Affordable housing complex to be built next to Maya Cinemas

A vacant lot occupied by the sprawling property is seen in front of Maya Cinemas, on Tuesday, S ...

An affordable housing complex is slated to be built next to Maya Cinemas amid a steep shortage of units for low-income Nevadans.

Dallas-based Rise Residential and Southern Nevada real estate firm Camino Verde Group have teamed up to develop Cine Apartments, a 270-unit rental complex at Las Vegas Boulevard North and Hamilton Street, near North Las Vegas City Hall and the Silver Nugget casino.

The developers aim to start construction on the $64 million project in January and open the first batch of units in mid-2023, according to Dallas consultant Bill Fisher, who is arranging the project financing and whose family owns Rise.

Fisher said 80 percent of the units will be available to tenants earning at or below 60 percent of the area’s median family income, and the remaining 20 percent of the units will rent at market-rate prices.

Southern Nevada’s housing market has accelerated over the past year with record sales prices and skyrocketing rents.
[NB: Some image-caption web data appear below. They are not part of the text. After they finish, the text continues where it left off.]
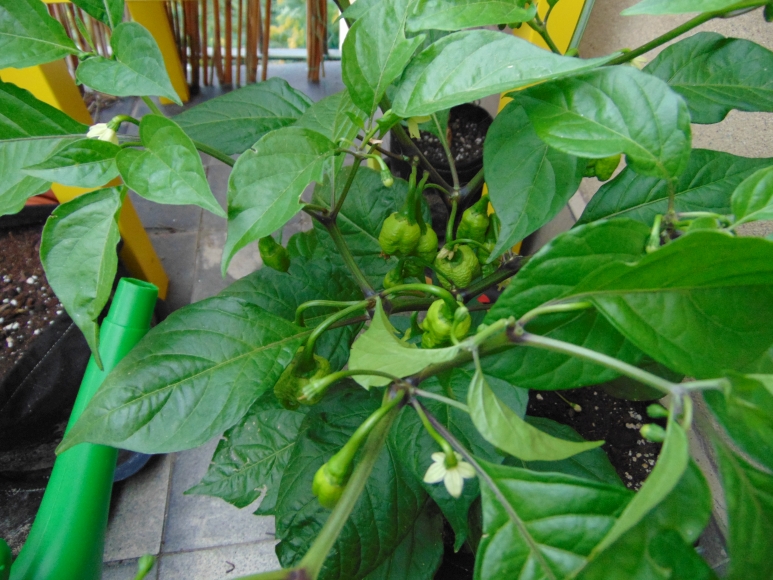chilli-2018-05.jpg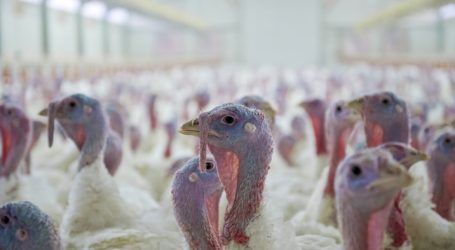 Osteuropäer unterlaufen heimische Geflügelpreise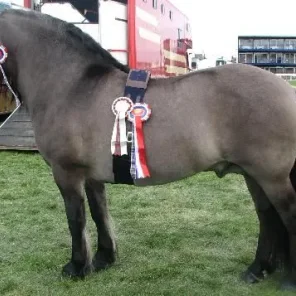 Driving Horses List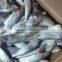 Frozen Sardine for Tuna Bait
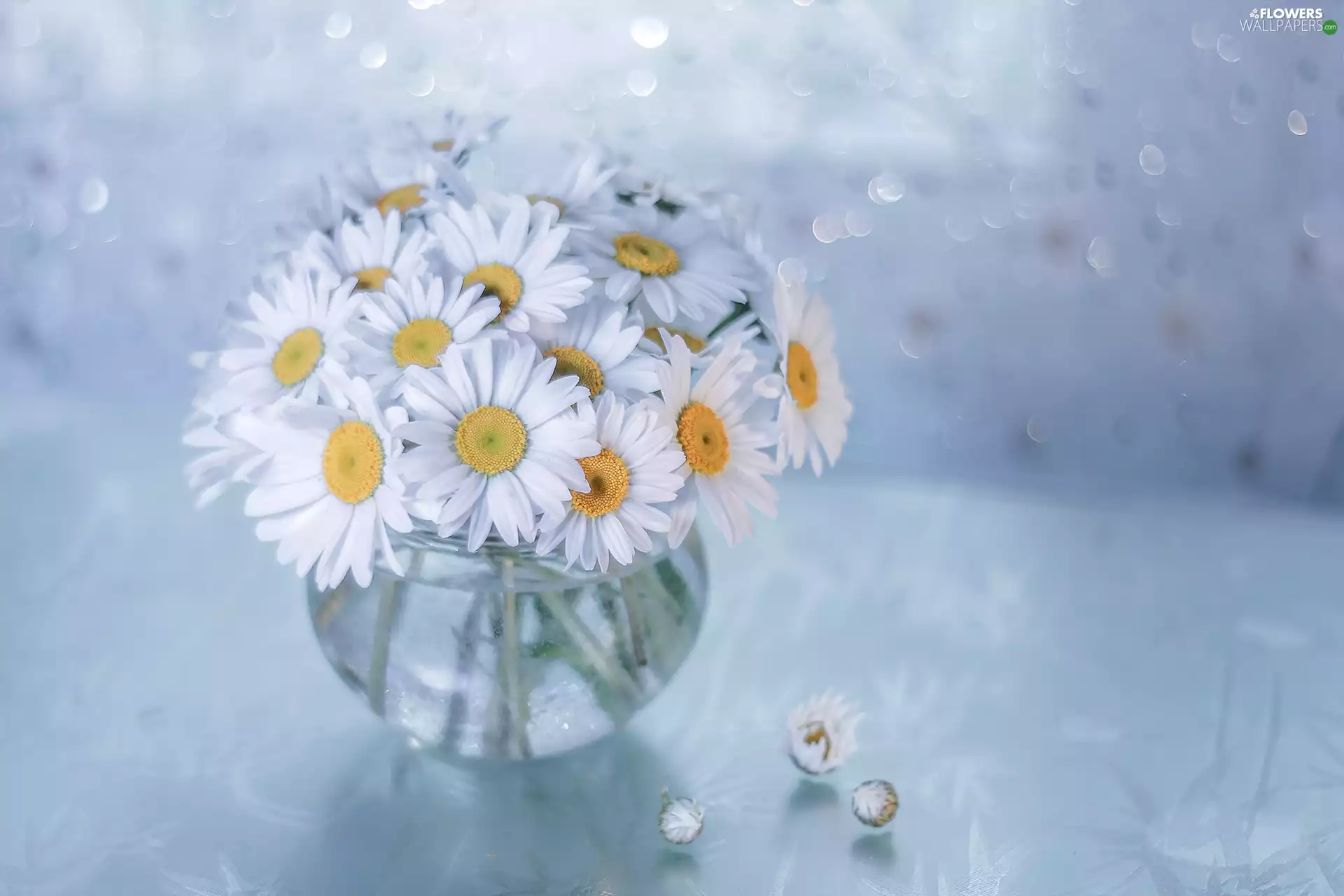 bouquet, vase, White, Flowers, daisy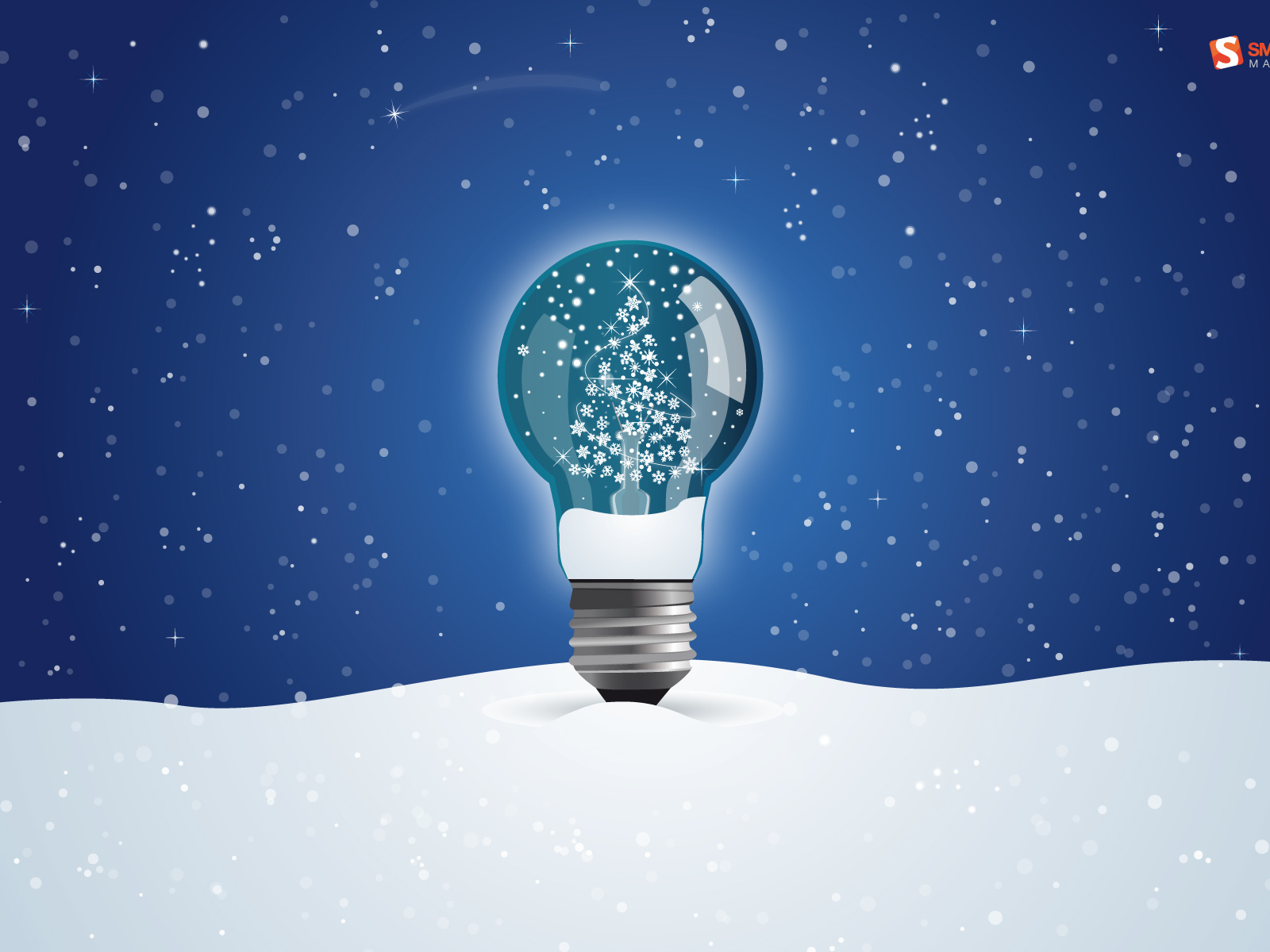 Елка к Новому Году 2011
There’s no telling what the market will look like when Cine opens, but the need for lower-priced housing isn’t new and likely won’t be resolved quickly.
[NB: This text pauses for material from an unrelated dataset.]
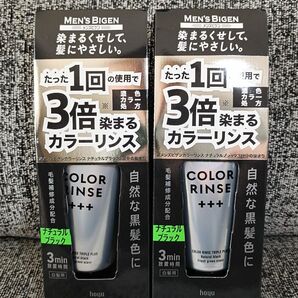 カラーリンス メンズビゲン トリプルプラス(+++) ナチュラルブラック 120g×2本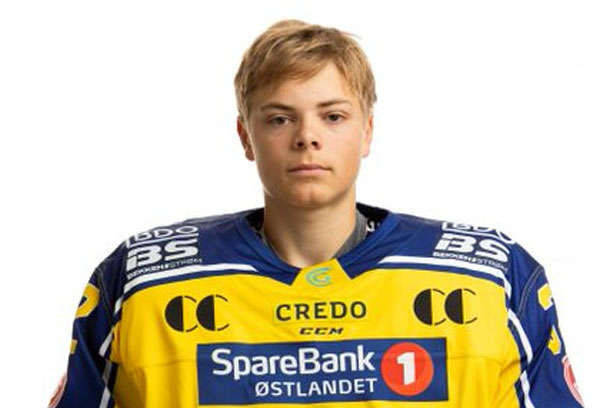 Storhamarhistorikk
With the bulk of its population in the Las Vegas Valley, Nevada has an estimated shortage of 84,320 affordable and available rental homes for extremely low-income tenants, according to the National Low Income Housing Coalition.
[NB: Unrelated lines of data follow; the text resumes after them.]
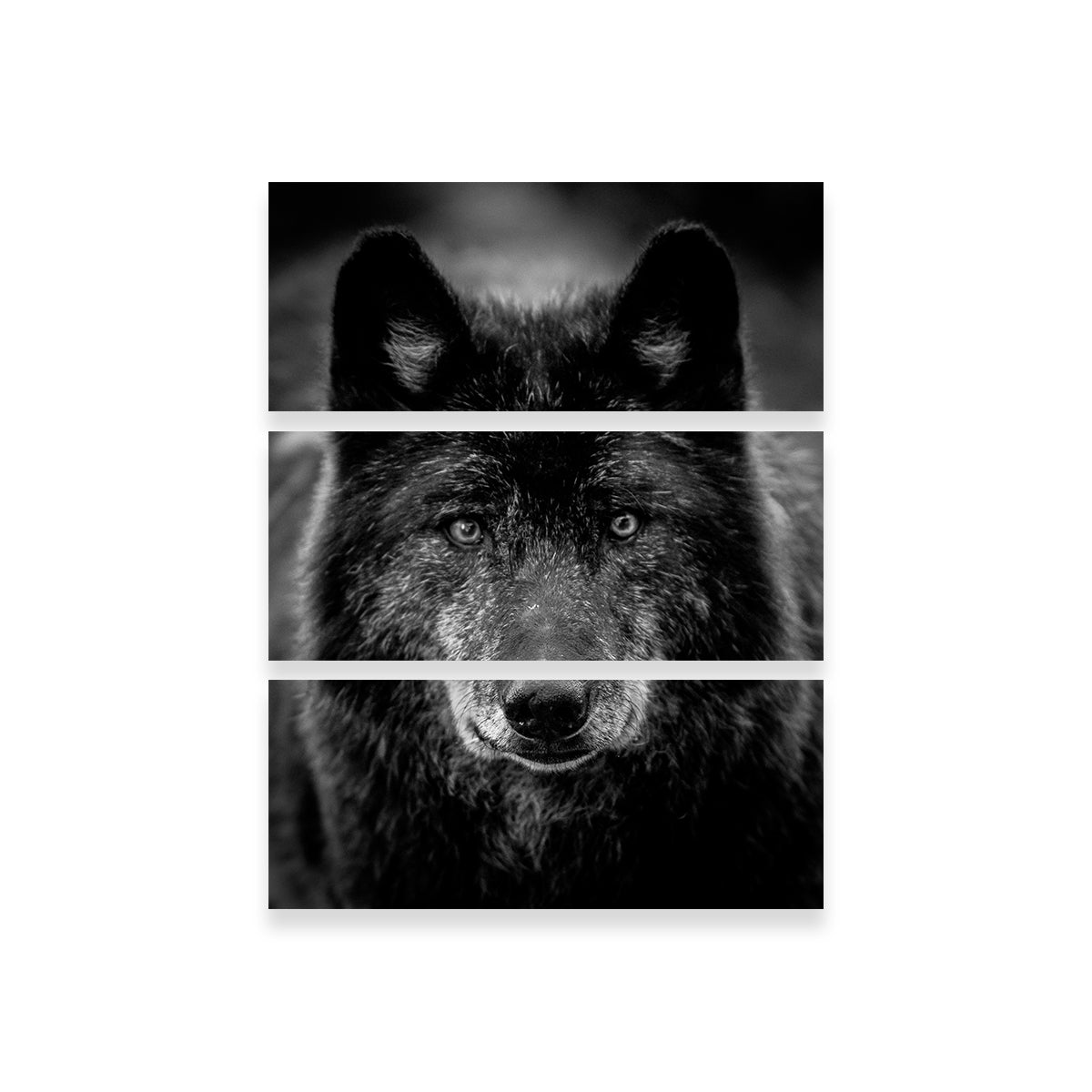 Black Wolf Headshot Wall Art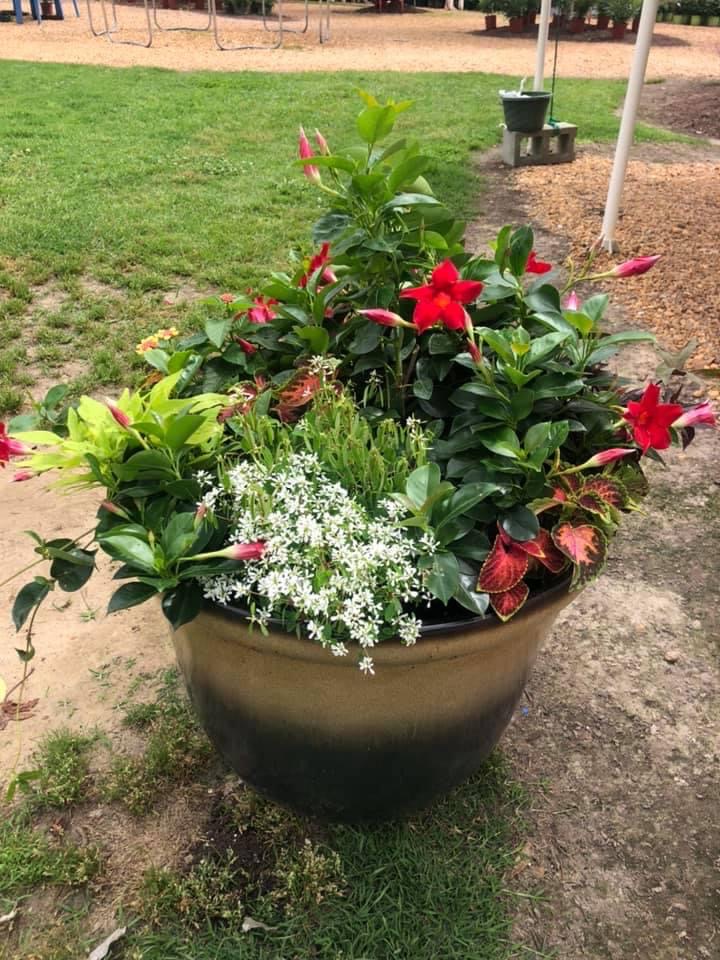 mixed-flower-pots-roberts-landscapes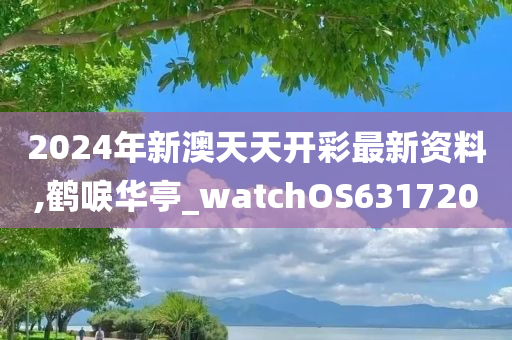 2024年新澳天天开彩最新资料,鹤唳华亭_watchOS631720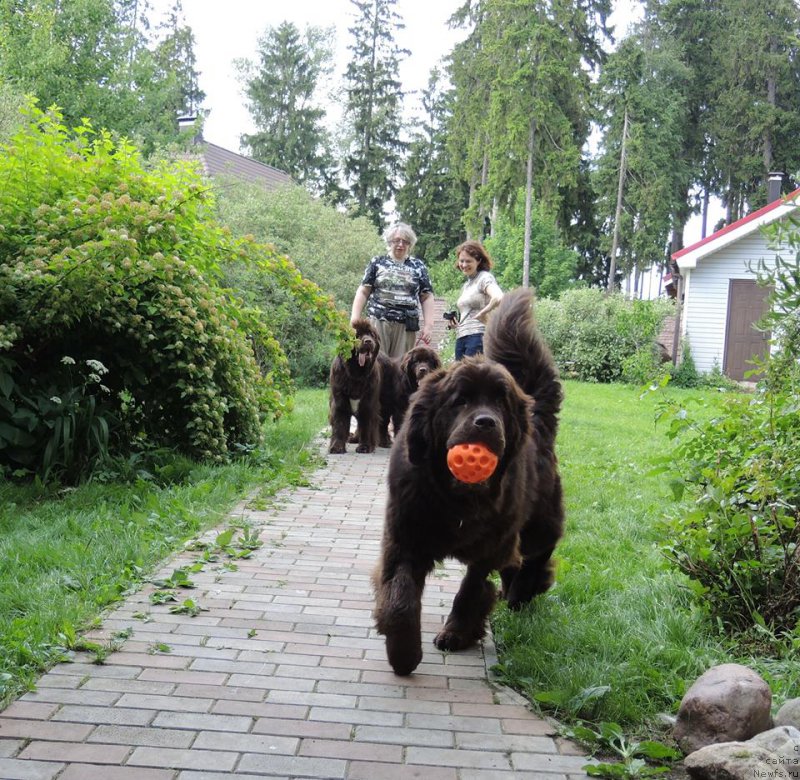 Фото: ньюфаундленд Ньюфорт Васаби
North Las Vegas Councilman Isaac Barron, whose ward includes the project site, said there is an “acute shortage” of affordable housing in the area, adding Cine would make a “small” but “important dent” in that.

A one-bedroom apartment at Cine is expected to cost as low as $730 in monthly rent, according to Fisher, founder of Sonoma Housing Advisors.

By comparison, the typical rental rate of a Las Vegas-area home in August was $1,718, up nearly 25 percent from a year earlier, listing site Zillow reported. Las Vegas’ annual rent growth was fastest among the 50 metro areas in the report.

Camino Verde Group co-founder Mike Ballard noted that North Las Vegas has seen a surge of industrial development and that Cine could house people who work at those facilities.

“This is for those entry-level warehouse workers, mid-level warehouse workers,” he said.

Cine would occupy a portion of the 32-acre site that Moctesuma Esparza, founder of the Maya Cinemas chain, had acquired in 2017, plans show.

Esparza, a movie producer whose credits include “Gettysburg” and “Selena,” sold more than 10 acres of his holdings for a school in 2018, property records show, and opened the 14-screen theater in 2019.

He confirmed to the Review-Journal this week that he is under contract to sell a roughly 7-acre plot for Cine, as well.

There is “big demand” for housing, Esparza said, adding that he has another 8.5 acres around the theater that is slated for food-and-beverage outlets and “experiential” retail.

North Las Vegas spokesman Patrick Walker said that the overall plan for the Maya site includes the recently completed Civica Career and Collegiate Academy charter school, that the next phase involves Cine Apartments, and that future phases include commercial development, including retail.

Asked if any other projects are in the pipeline, Walker said discussions are “underway with multiple interested parties.”